Blockchain technology is getting a lot of attention these days. You’ve probably read an article in a newspaper about this technology or heard people at work talking about it. If you aren’t quite sure what the technology is, don’t worry. The technology is complicated and fairly new, so there’s no shame in not knowing much about it.
As a CIO, you don’t need to be an expert in this technology, but you should understand the basics. This can help your company take advantage of it. You can hire IT professionals who have a strong understanding of the technology and can help your company innovate.
Read on to learn what this technology is and how it works.
What It Is
This new technology was first described back in 2008. A person or group of people calling themselves Satoshi Nakamoto released a whitepaper that launched Bitcoin, now a popular cryptocurrency. This whitepaper descripted blockchain, the new technology that made Bitcoin work. The real identity of Satoshi Nakamoto still hasn’t been revealed, which adds a compelling mystery to this technology.
Blockchain is a decentralized, digital ledger. Different people can add records to the ledger since it’s decentralized. Once a record has been added, it can’t be changed or tampered with. This means the ledger provides a complete, trustworthy record of all prior transactions.
How It Works
Now that you know what this technology is, it’s time to find out more about how it works. A global network of computers manages the database that records transactions. Millions of computers around the world host the data. Since the database is decentralized, these computers can be owned by anyone.
To create a new record, the information first has to be entered. Think of this like typing data into a cell in a spreadsheet. However, unlike a spreadsheet, one person’s input isn’t enough to make a change. Before the record can be added, multiple nodes in the network need to agree on it. One way this occurs is the proof-of-work method. In this method, users’ computers repeatedly run hashing algorithms to verify the records. When you hear about people mining Bitcoins on their computers, they’re running these hashing algorithms.
Current Uses for This Technology
Right now, a major use for this technology is Bitcoin. Bitcoin is the world’s biggest cryptocurrency. People can use their bitcoins to purchase goods and services anonymously. Many reputable companies, like WordPress.com and Microsoft, let users pay for services with bitcoins.
Other cryptocurrencies use this technology, too. Cryptocurrencies other than Bitcoin are known as altcoins. Popular altcoins include Ethereum, Ripple, and Litecoin. Altcoins try to improve on Bitcoin. For example, Litecoin transactions are faster than Bitcoin transactions.
Cryptocurrencies aren’t the only current use for this technology. Startups are using this technology for many exciting purposes in various industries. Abra uses a blockchain-enabled mobile wallet to let users send money to people around the world, with no bank account or credit card. Startups like Tierion have built platforms for healthcare data storage with this technology. Storj is beta-testing a blockchain-enabled cloud service network. Many other startups are using this technology for their products and services, too.
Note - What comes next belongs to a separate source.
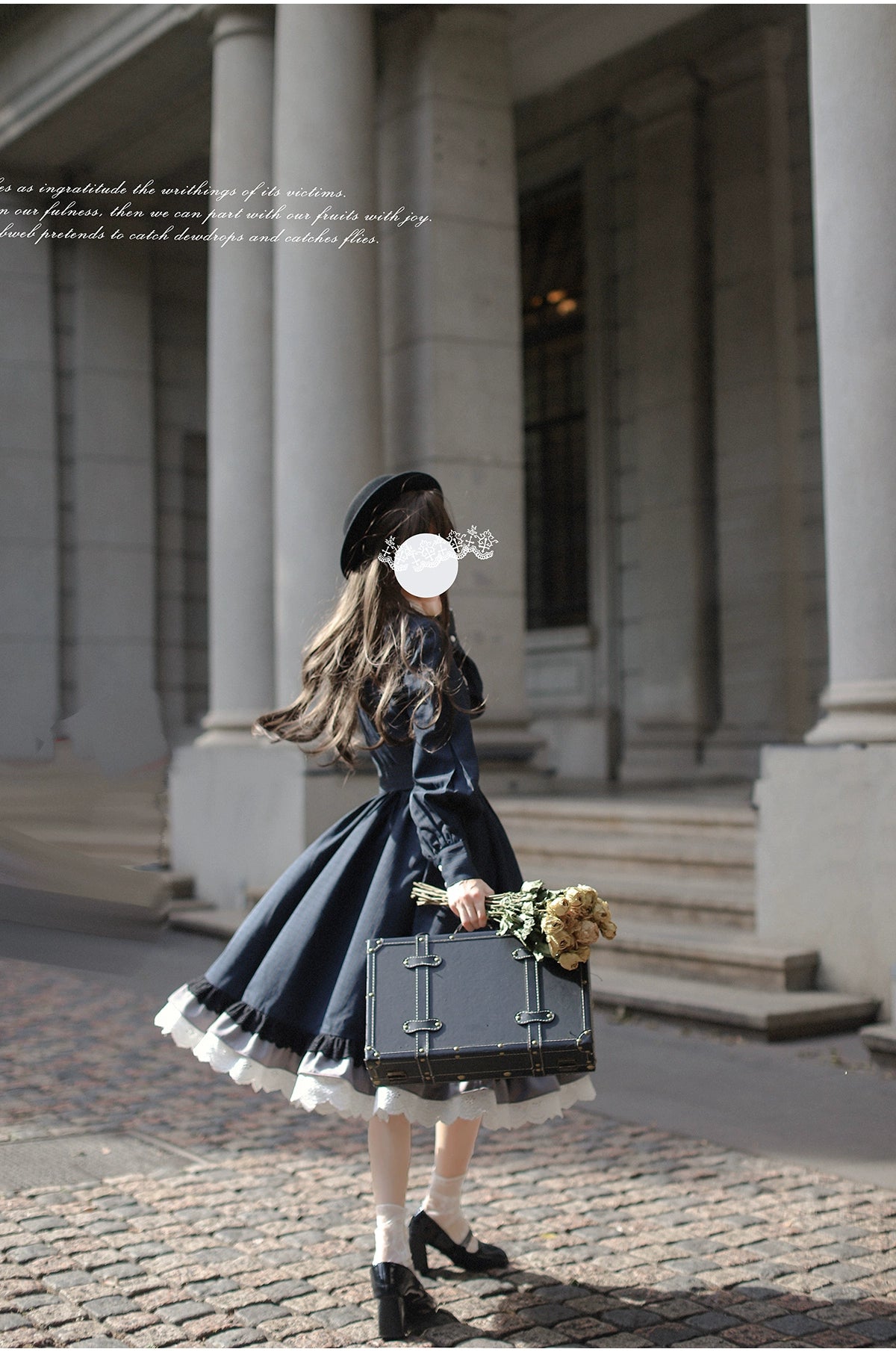 Phyllis ネイビーチェックのエレガントレトロワンピース – ロリータ Phyllis ネイビーチェックのエレガントレトロワンピース – ロリータ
Potential Future Uses for This Technology
Right now, blockchain projects are fairly small in scale. Startups are creating exciting platforms with the technology, but they’re not widely used. Even Bitcoin, the world’s biggest cryptocurrency, only has about 10 million global users. That may seem like a lot, but to put that figure into perspective, there are more than 3.5 billion internet users in the world. Blockchain and its related applications have a long way to go before they reach their potential.
In the future, this technology may have major impacts on the banking industry. Since people can send money without fees with this technology, banks could potentially save a lot of money by using it. Banks could also offer faster transactions. They could also keep secure records; fraud is a big concern for banks, so a tamper-proof ledger is understandably very interesting to them. Many large banks are testing this technology and looking to see how they can adapt it to meet their needs.
Other industries could be affected too. Goldman Sachs has predicted that the electricity market could be much different in the future thanks to blockchain. Right now, central power providers send electricity to homes and businesses. In the future, a distributed network could be created with this technology. People could generate their own electricity and sell it through the network.
Blockchain could also be used to build trust online. People’s identities could be securely stored with the technology, and their identities could be linked to various sites online. This could help prevent people from causing trouble online and then creating new accounts to try to hide their reputation. For companies like Airbnb, this future application could be very useful. Guests wouldn’t need to worry as much about safety, and hosts wouldn’t need to worry as much about bad guests who cause damage.
Obstacles to Adoption
While blockchain is an innovative technology with a lot of potential, there are also obstacles holding back adoption. Since the technology is still fairly new, challenges like data limits still need to be ironed out. The regulatory status of blockchain and cryptocurrencies is also unsettled. National governments regulate traditional currencies, but no one regulates blockchain or cryptocurrencies. Some business owners may not want to start using this technology until they’re sure of its legal status.
Cultural adoption is another obstacle. Right now, users and operators are used to centralized systems, like the ones traditional banks have. Eighty-seven percent of Canadians say banks are stable and secure, and 80 percent trust banks to keep their personal information safe. Since most people are satisfied, they may not want to take a chance on a new technology they don’t know much about. Blockchain enthusiasts will need to sell the benefits of the technology to the general population and to businesses.
Another obstacle is that companies already have systems that work. The systems may not be perfect, but they’re getting the job done. To start using new technology, these companies could need to make significant changes to their current systems. They could even need to completely replace their current systems to make them compatible with blockchain. Risk-averse companies may not want to do this anytime soon. Even innovative companies will need to strategize about making the transition, which can’t happen overnight.
Energy use is another obstacle with this technology. Storing and verifying the records takes up a lot of computer resources. When computers around the world are all processing transactions, the electricity demands add up quickly. In June 2015, a single Bitcoin transaction used enough electricity to power 1.57 American households for a day. That was bad enough, but the electricity demands have gotten worse. Now, one transaction uses enough energy to power 3.67 American households for a day.
As more people start using Bitcoin and other blockchain-enabled technologies, even more electricity will be needed. Engineers will need to figure out ways to make these technologies use less electricity. You’ll need to hire talented employees now to tackle this problem.